*WHAT NEEDS TO BE DONE*. Reproduce the data below in full and to the letter, images excepted.

*SUPPLIED DATA*.

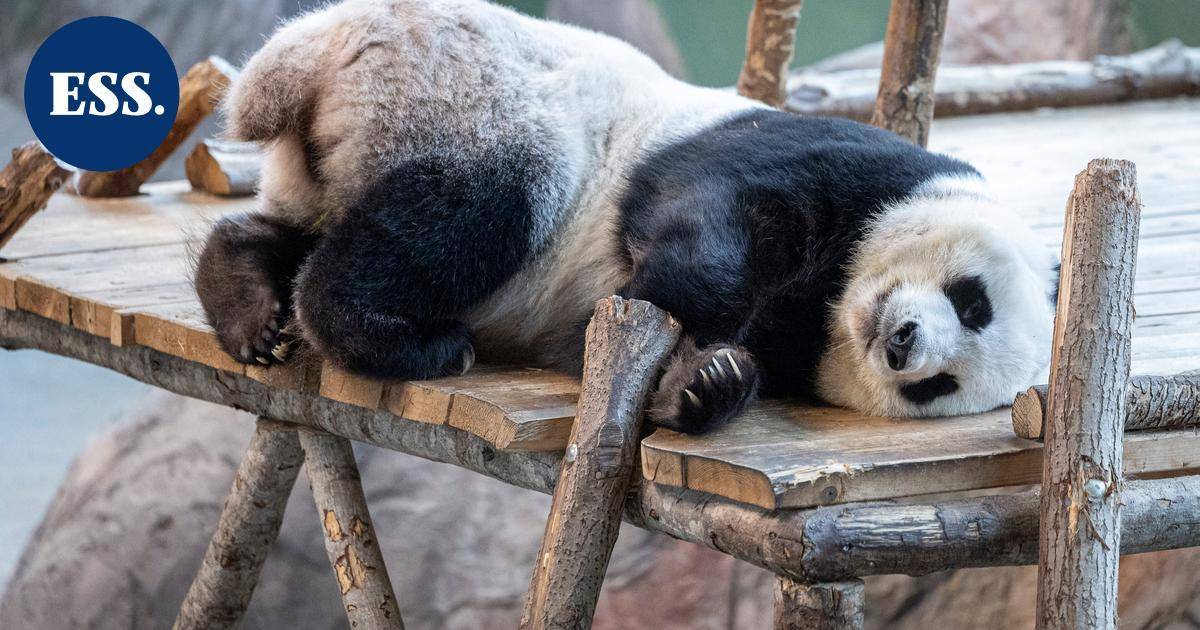 HS: Täällä Lumi ja Pyry asuvat | Uutissuomalainen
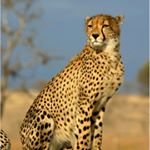 Profile Picture of wildsavannah safaris (@wild_savannah_safaris) on Instagram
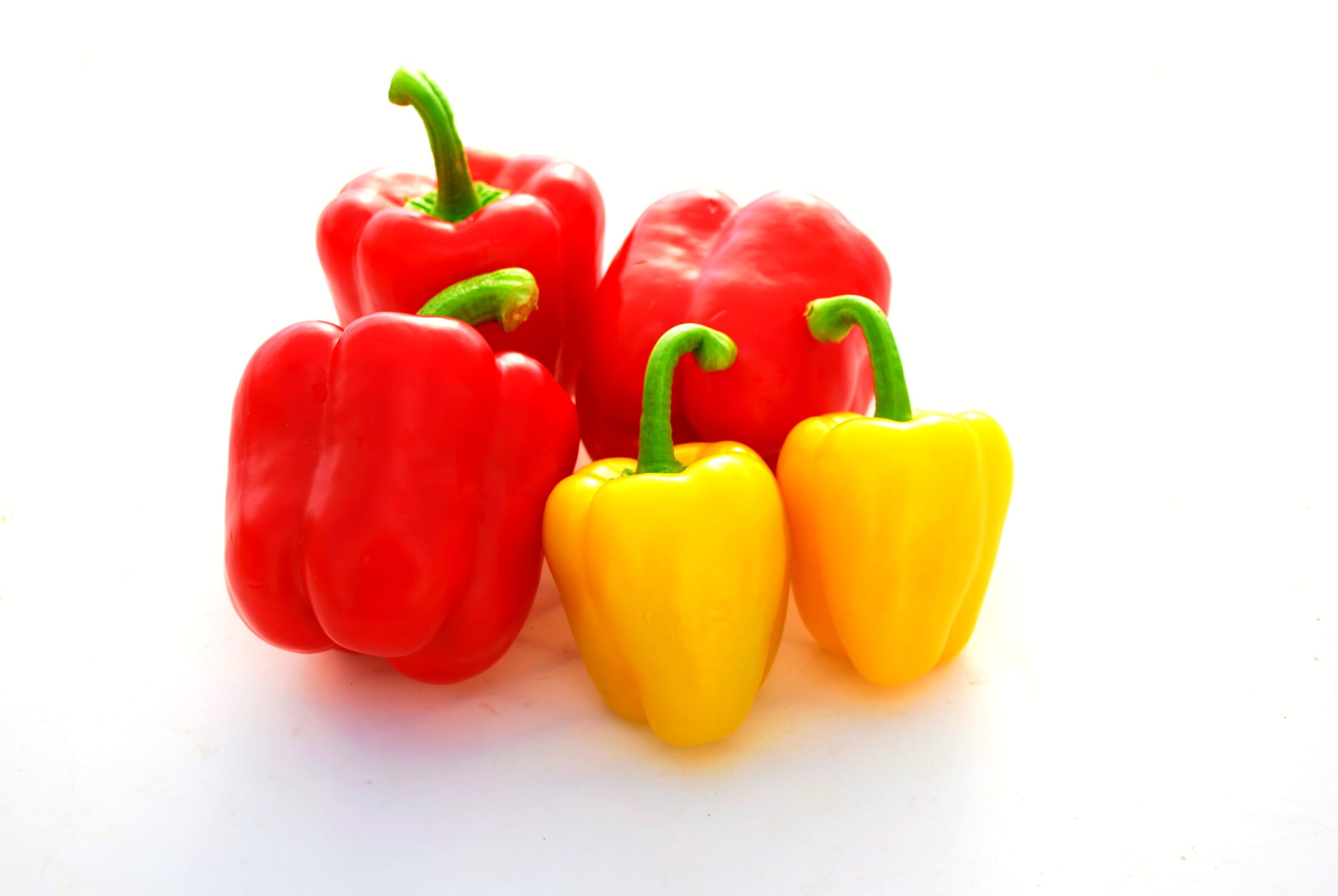 【家庭菜園入門】パプリカの育て方|栽培手順や注意点を解説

*OUTPUT BELOW*.
 HS: Täällä Lumi ja Pyry asuvat | Uutissuomalainen
 Profile Picture of wildsavannah safaris (@wild_savannah_safaris) on Instagram
 【家庭菜園入門】パプリカの育て方|栽培手順や注意点を解説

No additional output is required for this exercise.